# Padgening, Shook Swarming and the like



## GregB (Dec 26, 2017)

Bluto said:


> Has anyone who has read The Comb Honey Book tried any of these techniques?


No clue about the book.
But this is a well-known technique - _fly-back_ split it is called
Works great; I am a fan.
Can be totally brood-less (or not).
It can be combined with organic acid application for an effective, pre-emptive mite knock-off.


----------



## msl (Sep 6, 2016)

Bluto said:


> For those that don't know (I did not) Padgening is creating a new hive by moving the original to another spot in the apiary and allowing the foragers to return to the new hive in the original hive's position.
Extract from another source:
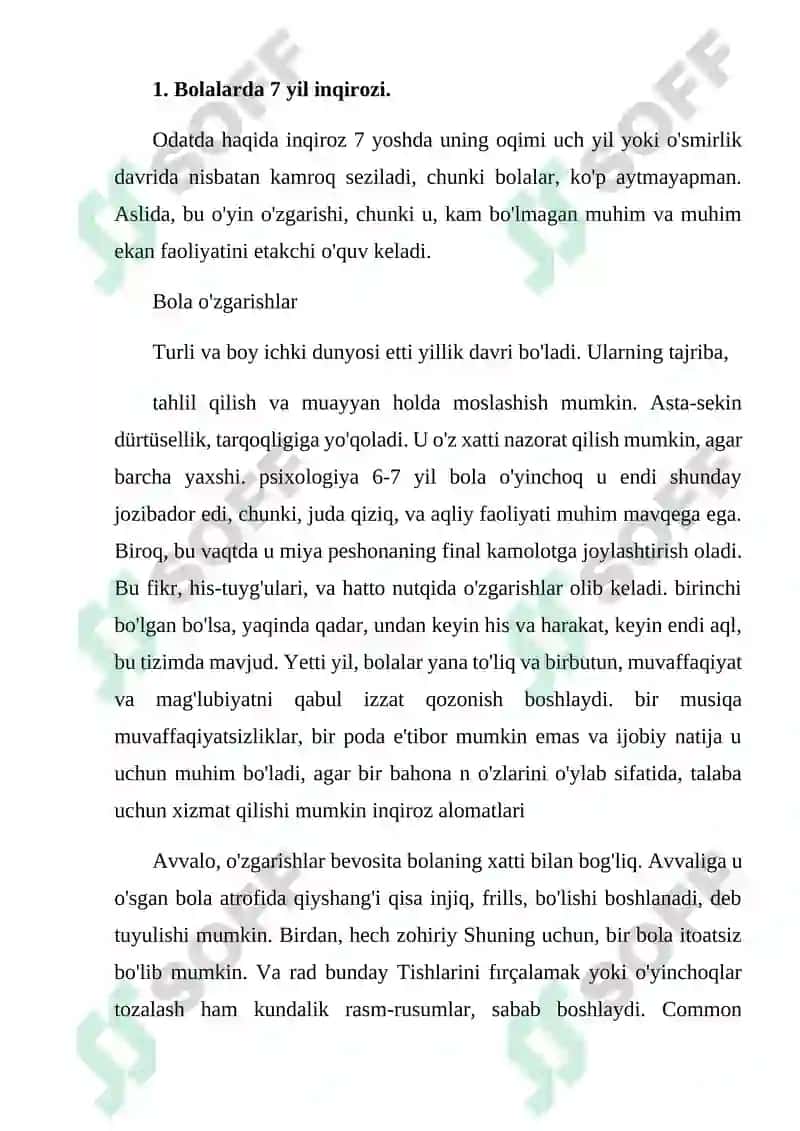 Bolalarda 7 yil inqirozi va uning sabablari va alomatlari 2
Spring Split - Last light or Midday????


I had great success this year on my side-by-side splits which I did in the late afternoon. I am always looking to do better. I now suspect that I may get a more even distribution of nurse & foragers if I split as soon as the last foragers come in for the night as opposed to splitting during the...




www.beesource.com





hands down the "this shouldn't work but has profound results" in my book ..








add in you just created a colony with a laying queen and no capped brood means a OA slam dunk, followed by the other that has a brood break...another OA slam dunk .
swarm control, spring mite control, and increase and replacement colonies in one simple (at least for BYBK) malpulation.. you get bees, mite control, and honey..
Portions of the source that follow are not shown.